Griffiths is saying a a quark and an antiquark attract each other when they form a color singlet. By color conservation (q qbar g) is in the same color stated as (q qbar), so the total state is in a singlet. The gluon by itself is in an octet.
Okay, thanks. So the gluon will be something like ##\frac 1 {\sqrt 6}(r\bar r + b \bar b - 2 g \bar g)##.

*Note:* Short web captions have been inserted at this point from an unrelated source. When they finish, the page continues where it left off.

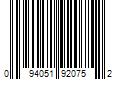 Barcode Image for UPC code 094051920752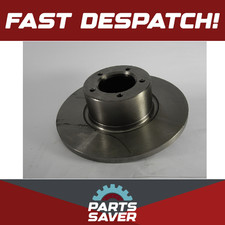 2x Brake Discs Pair Solid fits TVR S1 2.8 Front 86 to 88 PRN 262mm Set Bosch New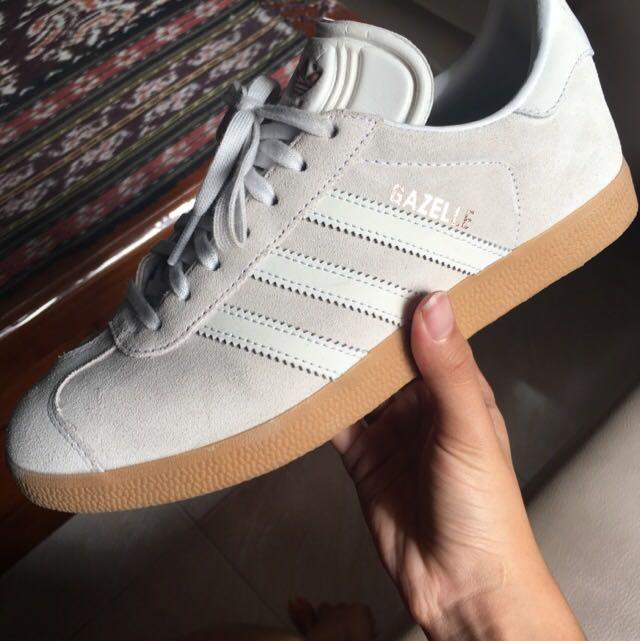 Adidas originals pastel gazelle trainers best sale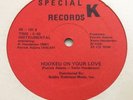 Lisa Richards & Patrick Adams - Hooked On Your Love - modern soul boogie - HEAR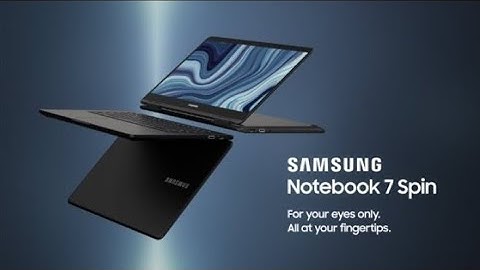 Đánh giá của khách về samsung notebook 7 spin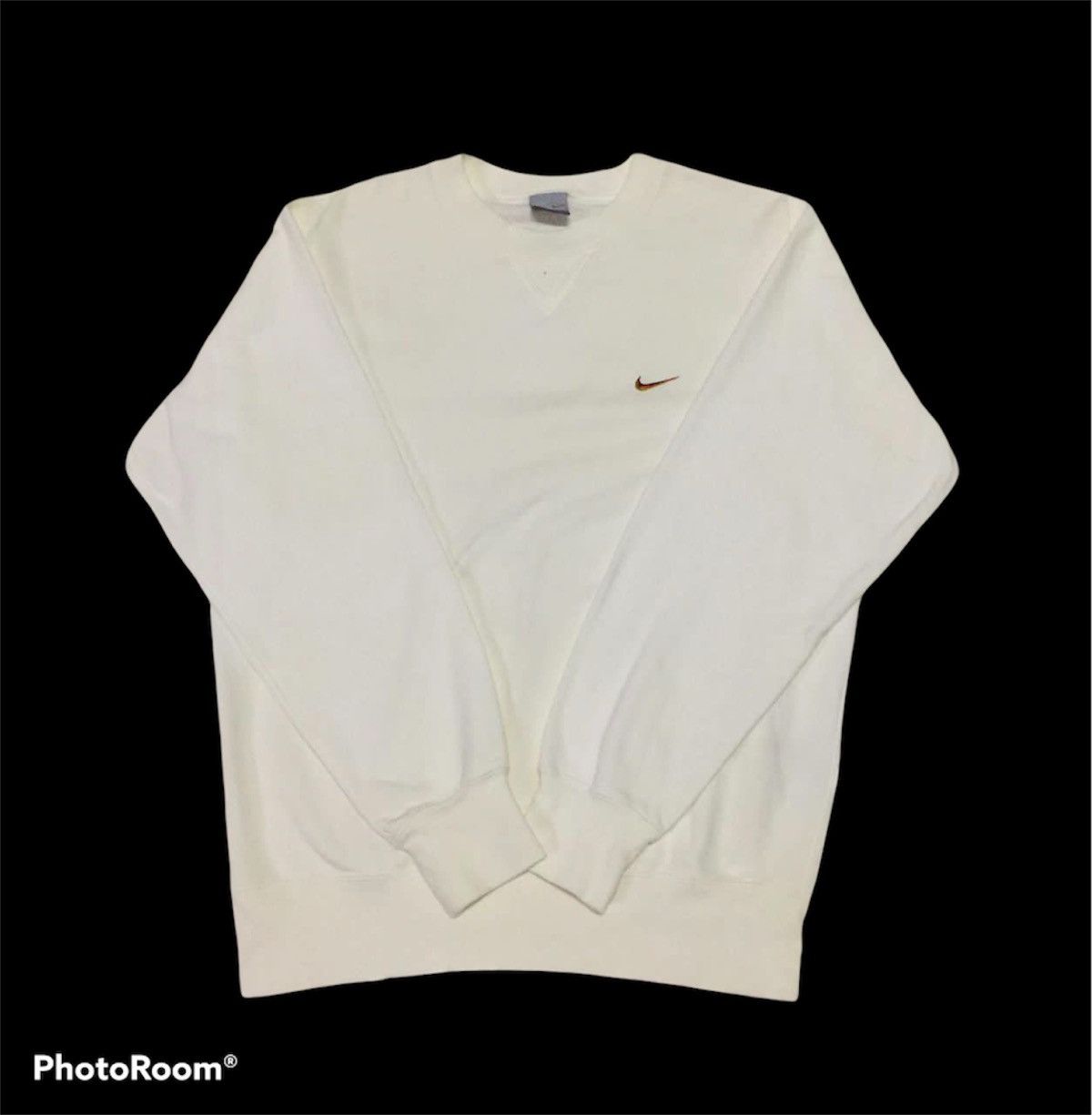 Nike Nike Small Swoosh Sweatshirt Size US S / EU 44-46 / 1 - 1 Thumbnail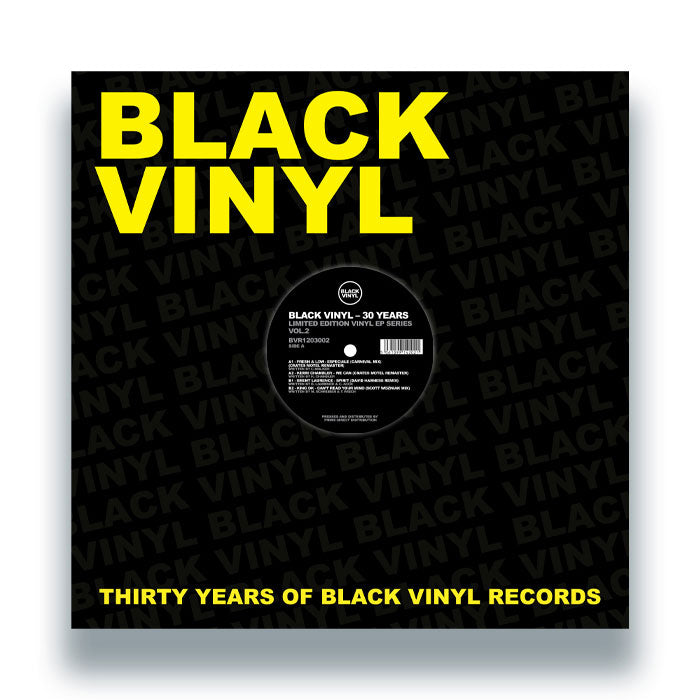 Fresh & Low / Kerri Chandler / Brent Laurence / King Dk Black Vinyl - 30 Years Volume 2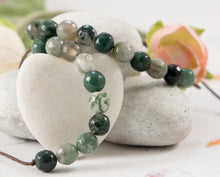 Load image into Gallery viewer, Faceted Indian Moss Agate - LIMITED EDITION
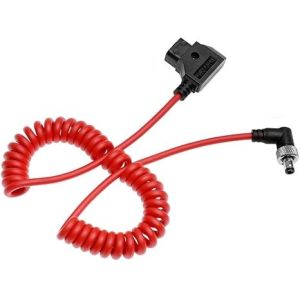 Buy cheap Alvin's Cables Ultra Soft Dtap to Locking DC 2.1 Right Angle Cable, Atomos Ninja Dtap Power Coiled Cable for Video Devices PIX-E7 PIX-E5 Monitor, for Hollyland Mars 400s from wholesalers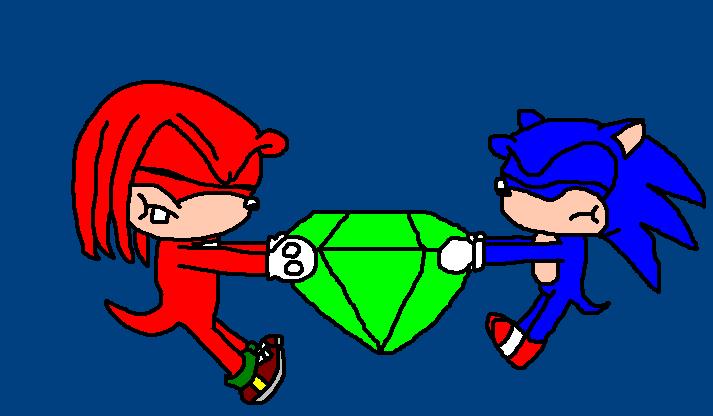 That's MY Emerald (knux_and_rouge_fan's Gift) by Animegirl1994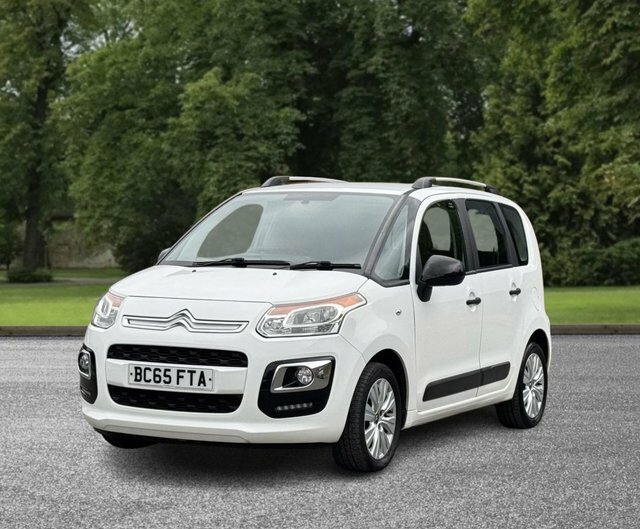 Citroen C3 Picasso 2016 1.6 Bluehdi Edition Mpv Eur White #2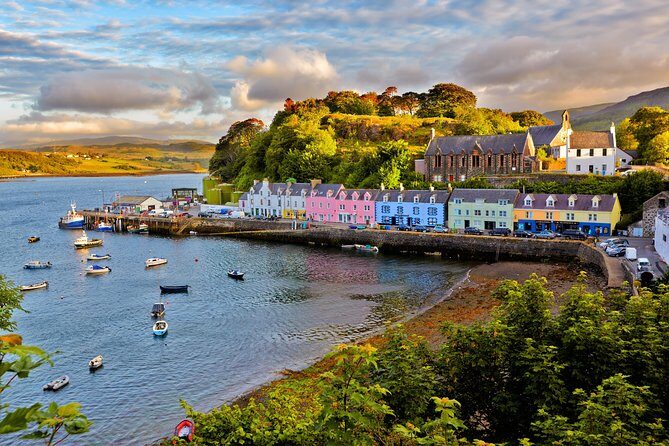 Create Your Own Special 2 Day Tour - Day 1: Eilean Donan Castle to Portree Harbour, with Skye mountains on the side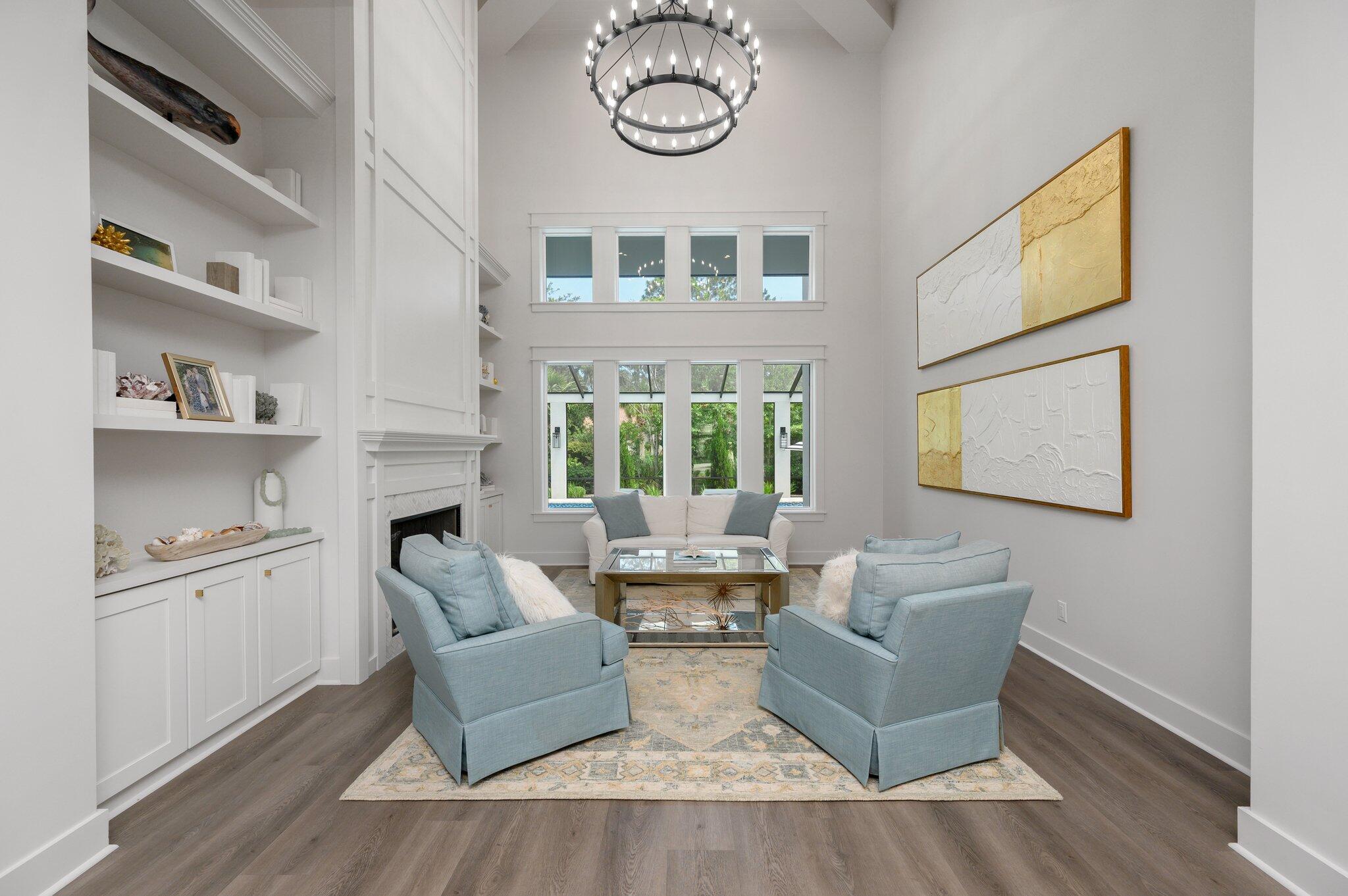 3278 Burnt Pine Circle Miramar Beach, FL 32550 - Photo 35 of 100 a living room with furniture wooden floor and window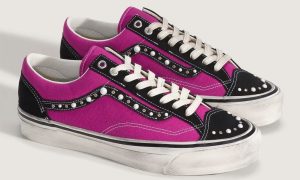 Vans Old Skool Pearlized “Pink” 珍珠粉 复刻回归2026设计师独家幕后深度解析缩略图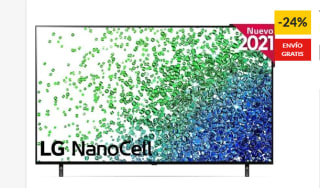 TV LG 43NANO796 (Nano Cell - 43'' - 109 cm - 4K Ultra HD - Smart TV) por 379,99€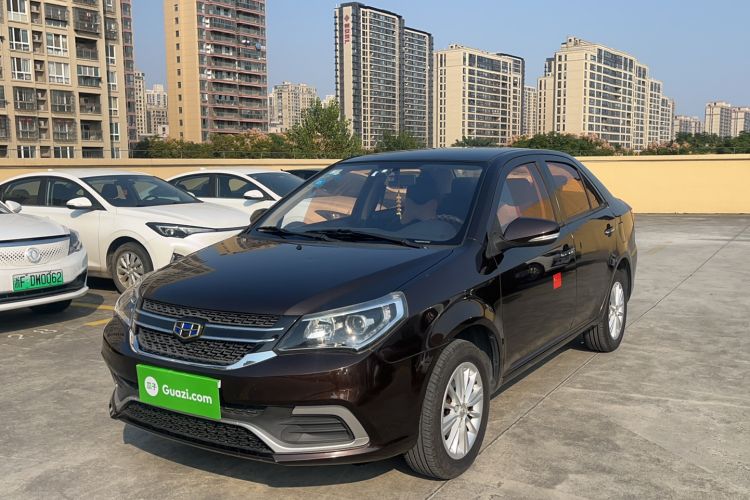 Used Geely Auto Diamond 2016 1.5L Manual Entry-Level Trim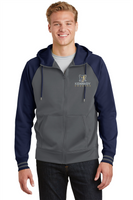 Kennedy Elementary Sport-Wick® Varsity Fleece Full-Zip Hooded Jacket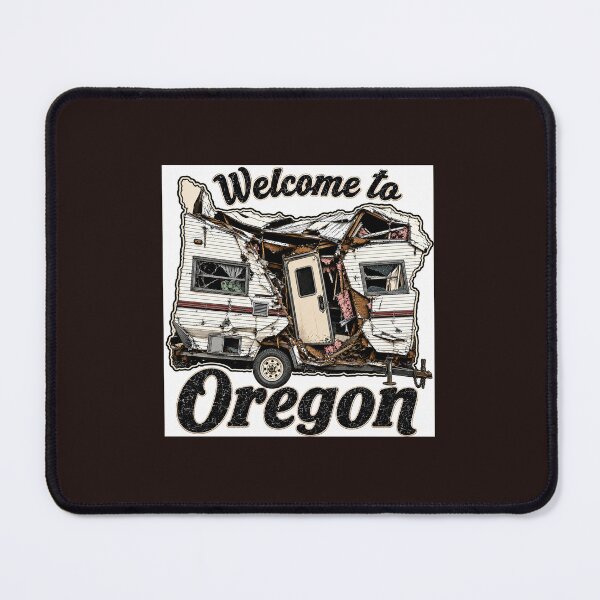 Item preview, Welcome to oregon designed and sold by One-more-bad-idea.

I haven't reached the stage yet where I can explain why. I just assumed we'd need the singlet to do the job.
 
  • #6
Something like that. The actual representation doesn't matter, since it's not a physical observable.
 
  • #7
So the mesons have, in absence of gluons, three states with no net colour:
r+r-, b+b-, g+g
There are six simple allowed states of gluons, all of them coloured:
rb-, rg-, br-, bg-, gr-, gb-
So a meson in one of the three white states can undergo a transition
r+r-->b+rb-+r-->b+b-
Each of the three colour states of meson can convert into each other state by the intermediate state of two quarks and one gluon. In longer term, all three states are equally probable (no colour has lower energy than others) so the long term state of a meson has equal contribution of all colour states.
Is the average number of gluons in a meson a definable value?
 
  • #8
snorkack said:
Is the average number of gluons in a meson a definable value?

No.

snorkack said:
So the mesons have, in absence of gluons, three states with no net colour:

No. They are in a singlet. One state.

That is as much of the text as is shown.